The privacy eula is also classic. But if you actually wanted to make people not weary of possible (which are totally possible) shifty machinations from your side, you could easily make the privacy policy like 3 sentences longer, and actually explain that you MAY collect the name and personal stuff ONLY if someone contacts support. That you MAY collect the computer data ONLY if someone contacts support and needs help. That, by playing the single player game, you collect literally nothing. Not even from the facebook or newsletter icons. That by playing online, (which should have a seperate opt-in privacy policy presented to the player in-game for him to accept or not each time (like in MGSV), you MAY collect some Extremely Anonimized Score, gameplay and player data.
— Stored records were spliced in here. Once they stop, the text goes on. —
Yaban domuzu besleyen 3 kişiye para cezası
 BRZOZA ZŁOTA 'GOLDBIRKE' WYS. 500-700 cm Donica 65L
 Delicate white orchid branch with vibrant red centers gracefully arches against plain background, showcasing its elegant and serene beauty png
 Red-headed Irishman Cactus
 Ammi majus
This stuff is important because under your "one size fits all" policy, you can make a patch today and add redshell to everyones game, and steal all their hardware data, and even personal data if you update your EULA, which you totally can whenever you want, and everyone already agreed to follow it.
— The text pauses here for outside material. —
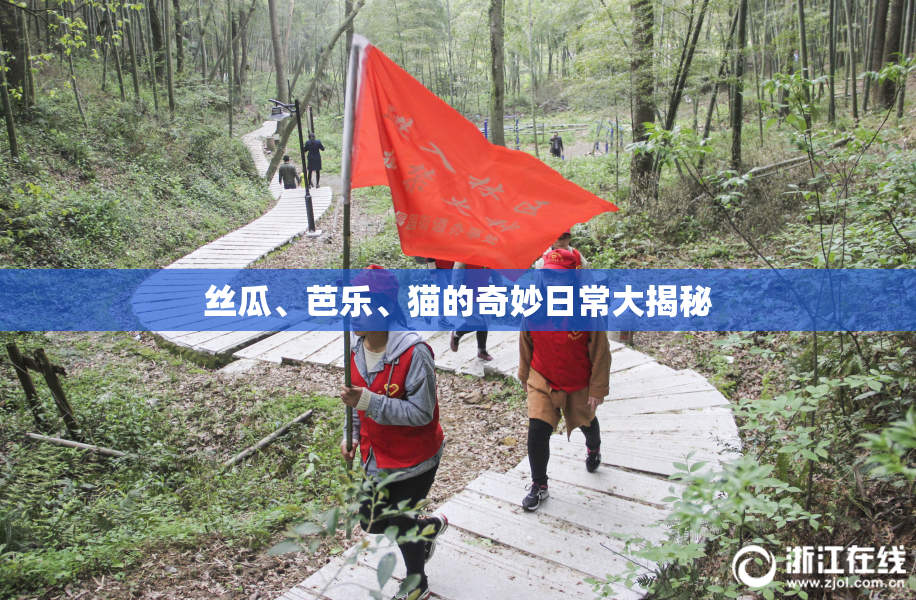 丝瓜、芭乐、猫的奇妙日常大揭秘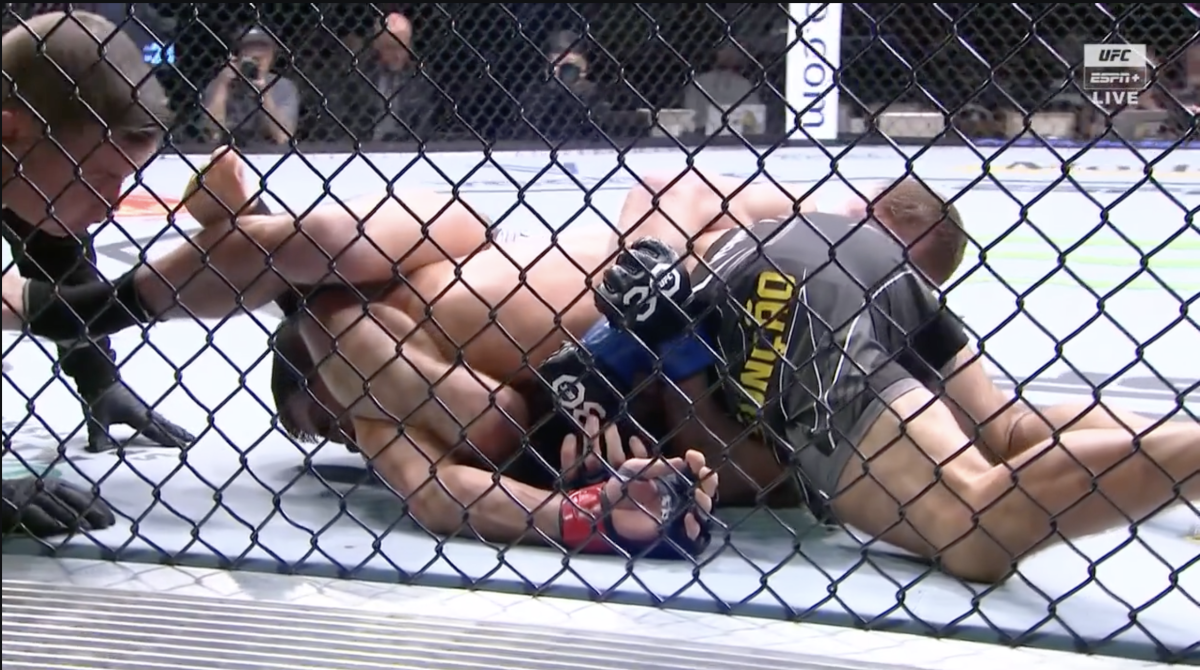 ufc cage fighting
In short: My advice for you, to be a "good guy developer":

  1. Lose the shitty third party EULA on steam completely. If others can do it, so can you. But you "have to" have it because you wanna steal data.

  2. Lose your shitty newsletter, this isn't grade school. Have some respect. Lose everything that has nothing to do with the game.

  3. Change your policy so it clearly outlines which parts of your services steal your data, and which don't.

  4. Make people contact customer services over a forum like in the old days, there is no need to mash that privacy policy with the actual game.

  5. Basically, ask fellow devs like A hat in time, Dark souls, Absolute Drift, Grim DAwn, Supergiant Games, how they manage to put out nice games without intruding upon the privacy of their customers. Some of those are established "good guy" developers. They don't need our data. Be a bit self conscious and realize that you are a small shitty studio, which tried to make a DK2 sucessor, and failed.. BUT, you try to do big boy data gathering like it matters, with a sprinkle of bad achievements, and mobile game bullshit like newsletters and a whole bunch of DLCs like they actually add something. Why not put that time in to make a good game so I actually want to buy it? I refuse to buy your game because of the EULA mainly, then secondly because it has impossible achievements which also require multiplayer (multiplayer games have a major problem, and that is that they swiftly die as soon as there is no playerbase), and finally because of the abundance of DLCs, while the reviews still saying that the game has no soul and is shallow.

Just make a game like DK2, get rid of the mobile game bullshit, and make the multiplayer optional, without achievements, get rid of the EULA, make only a few big expansions that actually add a good chunk into the game, put some soul into the game, and THEN you will be a "good guy developer" too, and people will like and buy your game.

Show this to your boss, maybe you guys will learn something.